How to implement Bayesian Hierarchical Inference Model?

I have the following bayesian hierarchical graphical (DAG) structure where all the edges are directed downward, i.e. A --> C,D; D–> H,I etc.

			 (A)                                (B)
			/    \ 			            /   \
		      /       \			          /       \
		   (C )     ( D )	               ( E )    ( F )
		  /   \     /    \		      /    \	  /    \
	        /     \   /	   \		    /        \  /       \
	     ( G )   ( H )     ( I )           ( J )     ( K )      ( L )

I have their co-occurence count as follows:-

A,B,C,D,E,F,G,H,I,J,K,L
1,1,0,0,1,1,0,0,0,1,1,1
0,0,0,1,1,1,1,0,0,0,0,0
1,0,1,0,1,0,1,0,1,1,1,1
0,0,0,0,0,0,1,1,1,1,1,1

I want to train a bayesian probabilistic inference model as per the defined graph structure so that it can learn from the above co-occurence matrix and I can get insights such as:-

1. P(A,B,C|H=1,I=1,L=1)
2. P(D,F| G=1,J=1)

Can I do that using edward? If yes then can you suggest a piece of code to do that.
As of now I tried pgmpy,libpgm,pomegranate,pymc3. But they are hardly scaling for big data.
Thanks in advance.

the graph structure is like this:
              (A)                         (B)
            /    \                       /   \
           /      \                     /     \
         (C )     ( D )              ( E )   ( F )
        /   \     /    \            /    \    /    \
       /     \   /      \          /      \  /      \
    ( G )   ( H )      ( I )     ( J )    ( K )    ( L )
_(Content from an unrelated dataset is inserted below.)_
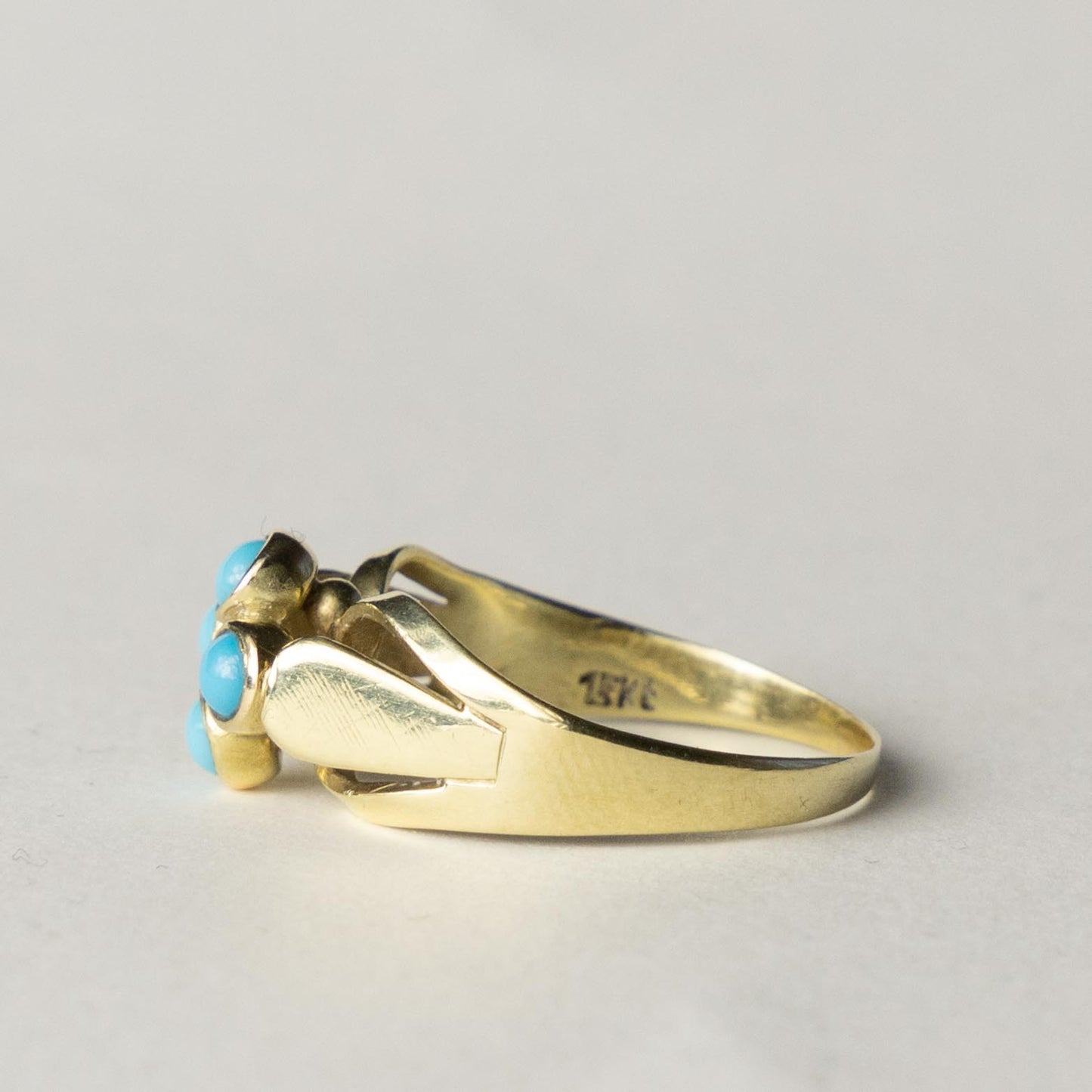 14ct turqouise clover ring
To implement this, you need to follow the paradigm of modeling -> inference -> criticism. Namely, first build a DAG model where each variable is a Bernoulli distribution, and they are connected somehow through their parameterization. Then run an inference method such as ed.KLqp. Then check the fit.

How to connect the variables through parameterization ? Can you please provide me a small script for this problem?

How you parameterize them is your modeling assumption. For example:

A = Bernoulli(logits=0.0)
C = Bernoulli(logits=f_c(A))
D = Bernoulli(logits=f_d(A))
G = Bernoulli(logits=f_g(C))
...

and so on. Here, f_* are individual functions which you define, and which determine how each variable depends on the others. Given this model, you can then plug it into an inference algorithm to get those queries you seek.

Thanks Dustin for your quick reply.

So, for the left tree I want to go upwards from bottom. So, I define the model like below, where G,H,I are Uniform distribution while C=G+H,D=H+I and A = C*D.

G = Uniform(low=0.0,high=1.0)
H = Uniform(low=0.0,high=1.0)
I = Uniform(low=0.0,high=1.0)

C = Bernoulli(logits=tf.add(G,H))
D = Bernoulli(logits=tf.add(H,I))

A = Bernoulli(logits=tf.multiply(C,D))

Now, How can I build the inference and pass the input co-occurrence matrix (which will be an ndarray) for training. Please help and tell me if I am going in the right direction.

The model is okay. But you haven’t set up any parameters or latent variables. This implies given data, the model’s probability distribution would remain the same.

You can use tf.Variable() which can parameterize the distributions. And then you can use something like ed.MAP to maximize the log-likelihood with respect to those parameters. Alternatively you can do Bayesian inference with latent variables.

In general, I recommend looking at the API in more detail.